I know I can use R-Studio online and get my work done but with the new paid account I am running out of project hours and very slow sometimes . Thanks in advance

Here are some examples beyond the modern RStudio MyBinder example:
https://github.com/fomightez/pythonista_skewedf
https://github.com/fomightez/r_phylogenetics_worshop
https://github.com/fomightez/chapter7/tree/master/binder
The modern RStudio MyBinder example has been set as a template on GitHub so you can use
The first one is for a special use of a package not on conda. And I started that one from square one.
The other two were converted from content by others to aid in making them Binder-ready.
You essentially list everything you need from conda in the environment.yml along with the appropriate channels.
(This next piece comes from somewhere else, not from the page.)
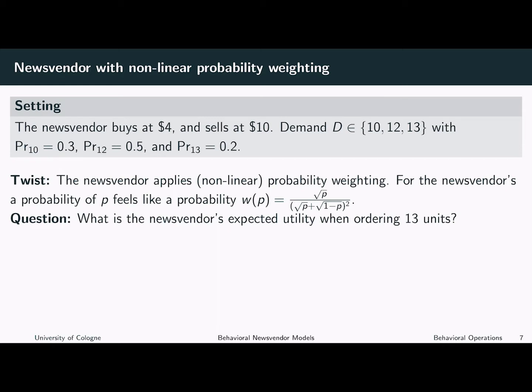So here, we consider a news vendor that applies nonlinear probability weighting. For the news vendor, a probability of p feels like w of p. And here, in this special case, w of p is defined as the square root of p divided by the square root of p plus the square root of 1 minus p, all squared.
If you need special stuff not on conda, you need the other configuration files included there.
Getting everything working can take some iterations on adding things, letting the image get built, and testing your libraries are available. Although you seem to think your situation is not overly complex.
The binder launch badges you see are just images where you modify the URL to point the MyBinder federation site at your repository. Look at the URL and you should see the pattern where you put studio at the end of the URL pointing at your repo. The form at MyBinder.org site can help with this; however, most often it is easier to just adapt a working launch badge's code copied from elsewhere. The form isn't set up at this time for making the URLs for launching to RStudio.
Download anything useful your create in a running session. The sessions timeout after 10 minutes, although RStudio usually keeps them active.
Lack of Persistence and limited memory, storage, & power can be drawbacks. The inherent reproducibility and portability are advantages.
MyBinder.org doesn't work with private repos. If you have code you don't want to share, you can upload it to the temporary session, using the repo for specifying the environment. You could host a private binderhub that does allow the use of private git repositories; however, that is probably overkill for your use case and exceed your ability level at this time.
GitHub isn't the only place to host repositories that can be pointed at the MyBinder system. If you go to the MyBinder.org page and click where it says 'GitHub' on the left side of the top line of the form, you can see a list of the sources at which you can host a repository and point the system to build an image and launch a container with that specified image.
Building the image from a source repository takes some minutes the first time. Once the image is built though on the service, launch is typically less than 30 seconds. Each time you make a change on the source repo, a build is necessary. Some changes don't cause the new build to be as long as the initial one as some optimizing is done to only build what is necessary after a change. Keep in mind there are several members of the federation around the workd and if traffic on the internet gets sent to where the built image isn't yet available, it will be built from scratch again first.
The Holepunch project is out there to offer some help for users working in the R ecosystem; however, with the R-Conda system that is now integrated into MyBinder it is pretty much as easy to do it the way I described. Last I knew, the Holepunch route makes a Dockerfile that isn't as easy to troubleshoot as using the current the R-Conda system route. Dockerfiles are essentially a last ditch configuration file that MyBinder can handle. The reason being the other configuration files are much easier and don't require knowing Dockerfile syntax. MyBinder aims to offer the ability to take advantage of Docker offering containers with a specified environment without users needing to know anything about Docker.
There is a Binder Help category for posting to get help at the Jupyter Discourse Forum. Some other examples of posts already there may help you troubleshoot.
Notice of a common pitfall
Most of the the configuration files for making a repository Binder-ready are simply text and can be edited right in the GitHub browser interface, without need to git or even cloning the repo locally.
Last I knew, there are two exceptions to this. The postBuild and start configuration files have settings that allow them to be run as scripts and these get altered in a way they no longer work if you edit them via the GitHub browser interface. (This was my experience when last I tried. Your mileage may vary or things may have changed now.) To edit those, you have to have git available on a system you have and pull one from some other source. Then edit that on your machine that has git working & add it your repo and push it back up from your local computer.
(If this is a problem, you can post in the Jupyter Discourse Forum Binder help category and you and I could coordinate where I fork and edit those files in your repo to your specifications and then make a pull request to update your source of the fork with those changes.)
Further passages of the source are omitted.